The following therapies—also called “allied health services”—address symptoms commonly associated with autism, but not specific to the disorder.
Speech Language Therapy
Most autism behavioral intensive therapy programs include speech-language therapy. With a variety of techniques, speech-language therapy addresses a range of challenges often faced by persons with autism. For instance, some individuals on the autism spectrum do not speak, while others love to talk but have difficulty using conversational speech and/or understanding the nuances of language and nonverbal cues when talking with others.
Speech-language therapy is designed to coordinate the mechanics of speech with the meaning and social use of language. Such a program begins with an individual evaluation by a speech-language pathologist to assess an individual’s verbal aptitudes and challenges. From this evaluation, the pathologist sets goals that may include mastering spoken language and/or learning nonverbal communication skills such as signs or gestures. In each case, the goal is to help the person communicate in more useful and functional ways.
The speech language pathologist can provide therapy one-on-one, in a small group or in a classroom setting. Therapists who work with children have additional specialized training.
Augmentative and Alternative Communication
Nonverbal persons with autism can benefit from a variety of augmentative and alternative communicative (AAC) devices and methods. The Picture Exchange Communication System (PECS) is among the most commonly used with children and adults who have little or no verbal ability. Therapists, teachers and parents help the child or adult build a vocabulary and consistently articulate desires, observations and feelings through pictures. This system can be taught and used at home, in the classroom and a variety of other settings.
At the start of a PECS program, the instructor teaches the child or adult to exchange a picture for an object—for instance, a picture of an apple for an actual apple. With instruction, the person learns to distinguish pictures and symbols and use both to form sentences. Although PECS is based on visual tools, the program emphasizes and reinforces verbal communication. Caregivers can purchase standard PECS images as a part of a manual or simply gather photos from everyday sources such as newspapers, magazines and books. (Also see the Autism Treatment Networks free guide: Visual Supports and Autism Spectrum Disorder.)
Other augmentative and alternative communicative devices include specially programmed computers, iPads, and iPhones. For more information, visit the America Speech-Language Hearing Association’s AAC webpage.
Occupational therapy (OT) addresses a combination of cognitive, physical and motor skills. Its goals including helping a child or adult gain age-appropriate independence and participate more fully in life. For a person with autism, occupational therapy often focuses on skills for appropriate play or leisure skills, learning and self-care skills.

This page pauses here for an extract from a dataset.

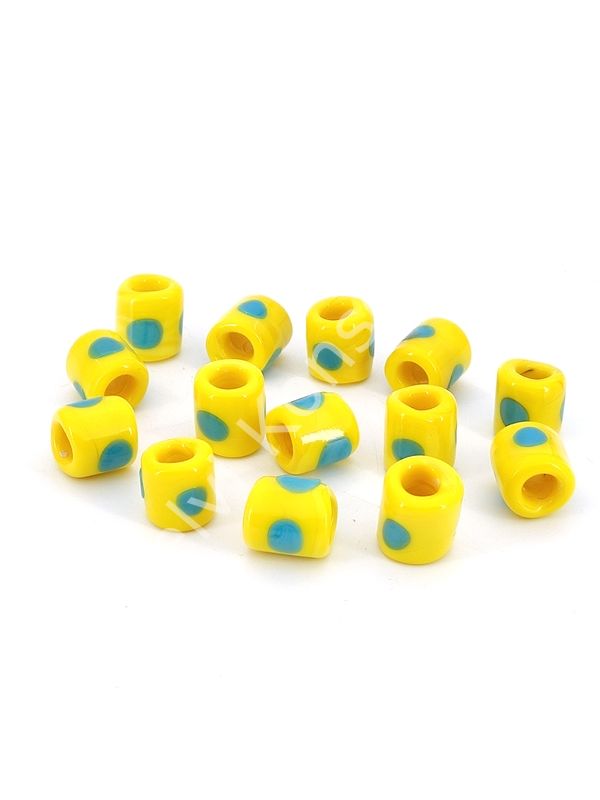 El Yapımı Mavi Benekli Sarı Murano Silindir Cam Boncuk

Therapy begins with a certified occupational therapist evaluating the person’s developmental level as well as related learning styles, social abilities, and environmental needs. Based on this evaluation, the therapist determines goals and selects strategies and tactics for enhancing key skills. For instance, goals may include independent dressing, feeding, grooming and use of the toilet, along with improved social, fine motor and visual perceptual skills. Typically, occupational therapy involves half-hour to one-hour sessions with a frequency determined by the individual’s needs. In addition, the person with autism practices strategies and skills—with guidance—at home and in other settings including school.
Read information about occupational therapy’s role in autism from the American Occupational Therapy Association here. AOTA also has specific tips for students with autism in preschool and high school.
Sensory Integration Therapy
Many children and adults with autism have challenges in processing sensory information such as movement, touch, smell, sight and sound. Sensory integration (SID) therapy identifies such disruptions and uses a variety of techniques that improve how the brain interprets and integrates this information. Occupational therapy often includes sensory integration. Other times it is delivered as a stand-alone therapy.
Certified occupational and physical therapists provide sensory integration therapy. They begin with an individual evaluation to determine a person’s sensitivities. From this information, the therapist plans an individualized program that matches sensory stimulation with physical movement to improve how the brain processes and organizes incoming information. As such, the therapy often includes equipment such as swings, trampolines and slides.
Sensory integration therapy can allow a child or adult with sensory integration difficulties to become more “available” for learning and social interactions. Family members and teachers often find that its techniques can help calm an affected child or adult, reinforce positive behavior and help with transitions between activities.
Many children and adults with autism have challenges with motor skills such as sitting, walking, running and jumping. Physical therapy (PT) focuses on problems with movement that cause real-life limitations. In particular, physical therapy can improve poor muscle tone, balance and coordination.
Certified physical therapists deliver physical therapy beginning with an evaluation of a person’s physical abilities and developmental level. They then design programs of activities that target areas of challenge. Typically therapy sessions run a half hour to an hour and include assisted movement, various forms of exercise and the use of orthopedic equipment. The needs of the child or adult receiving services should determine the frequency of these sessions.